Paper Review: Explaining grokking through circuit efficiency

The concept of “grokking” refers to a phenomenon in neural networks where a network that initially memorizes the training data but performs poorly on new, unseen data eventually learns to generalize well after further training. The authors propose that this happens because there are two kinds of solutions a neural network can learn: a memorizing solution and a generalizing solution. The generalizing solution is slower to learn but ultimately more efficient and produces better results on new data.

The hypothesis is that the efficiency of memorizing circuits decreases as the dataset grows larger while generalizing circuits maintain their efficiency. This implies there is a critical dataset size where both memorization and generalization would be equally efficient.

The authors test and confirm four new predictions about this grokking behavior. It also observes two surprising behaviours: Ungrokking, where a network initially generalizes well but then regresses back to poor generalization. Semi-grokking, where a network eventually learns to generalize but only to a limited extent, rather than achieving perfect generalization.
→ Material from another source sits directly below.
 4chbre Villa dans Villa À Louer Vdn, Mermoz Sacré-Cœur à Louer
Three ingredients for grokking

In the concept of grokking within neural networks, two types of circuits (internal mechanisms that neural nets use to calculate the outputs) exist one for memorizing data and another for generalizing. Both circuits are influenced by two opposing forces. Cross-entropy loss drives the classifier’s logits to increase in size to boost the model’s confidence, while weight decay works to reduce the model’s parameters. These forces must be balanced to achieve any local minimum in the loss function.
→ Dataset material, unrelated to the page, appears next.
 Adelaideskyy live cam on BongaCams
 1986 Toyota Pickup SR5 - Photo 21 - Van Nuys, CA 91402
Grokking occurs when three key elements are present:

Generalizing and Memorizing Circuits: Both types of circuits can offer good training performance, but only the generalizing circuit performs well on unseen test data.
Efficiency: The generalizing circuit is more efficient than the memorizing circuit, meaning it achieves the same level of cross-entropy loss on the training set but with fewer parameters.
Learning Speed: The generalizing circuit is slower to learn than the memorizing circuit. As a result, early in training, the faster-learning memorizing circuit dominates but offers poor test performance.

The process of grokking unfolds in two phases: Initially, the memorizing circuit is quickly learned, which leads to strong training performance but poor test performance. As training progresses, the more efficient but slower-learning generalizing circuit starts to take over. This “reallocates” the parameter norm from the memorizing to the generalizing circuit, leading to improved generalization on test data.
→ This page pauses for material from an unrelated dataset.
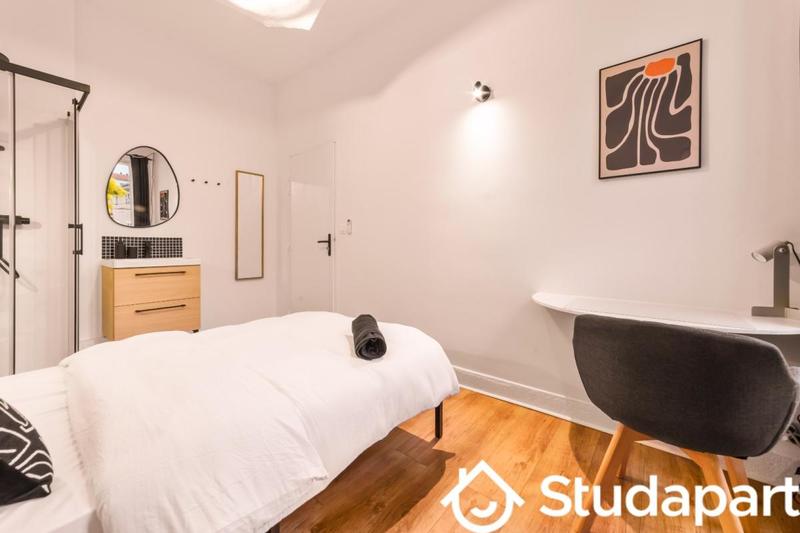 Chambre - 10 m² - 1 pièce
Experimental evidence confirms that when all these three ingredients are in place, standard grokking behavior is observed. If any of these elements are missing or altered, the model fails to exhibit the grokking phenomenon.

Why generalising circuits are more efficient

Relationship of efficiency with dataset size

When training classifiers on datasets, adding more data doesn’t necessarily make the classifier more efficient. Efficiency, in this context, tends to be stable or even decrease as dataset size increases. If a classifier can generalize well, its efficiency will likely remain consistent, even when new data points are introduced. However, if the classifier fails to generalize, its efficiency will probably drop as it struggles to adapt to new information.

A generalizing circuit can maintain its efficiency because it doesn’t need to change its parameters significantly to adapt to new data. On the other hand, a memorizing circuit tends to lose efficiency as the dataset grows since it needs to adjust its parameters for each new data point.

The efficiency of these circuits as a function of dataset size introduces the concept of a “critical dataset size”. Below this threshold, memorizing circuits tend to be more efficient because they can easily adapt to a small amount of data. Above this threshold, generalizing circuits gain the upper hand in efficiency, which can result in “grokking,” or a sudden leap in understanding or performance by the model.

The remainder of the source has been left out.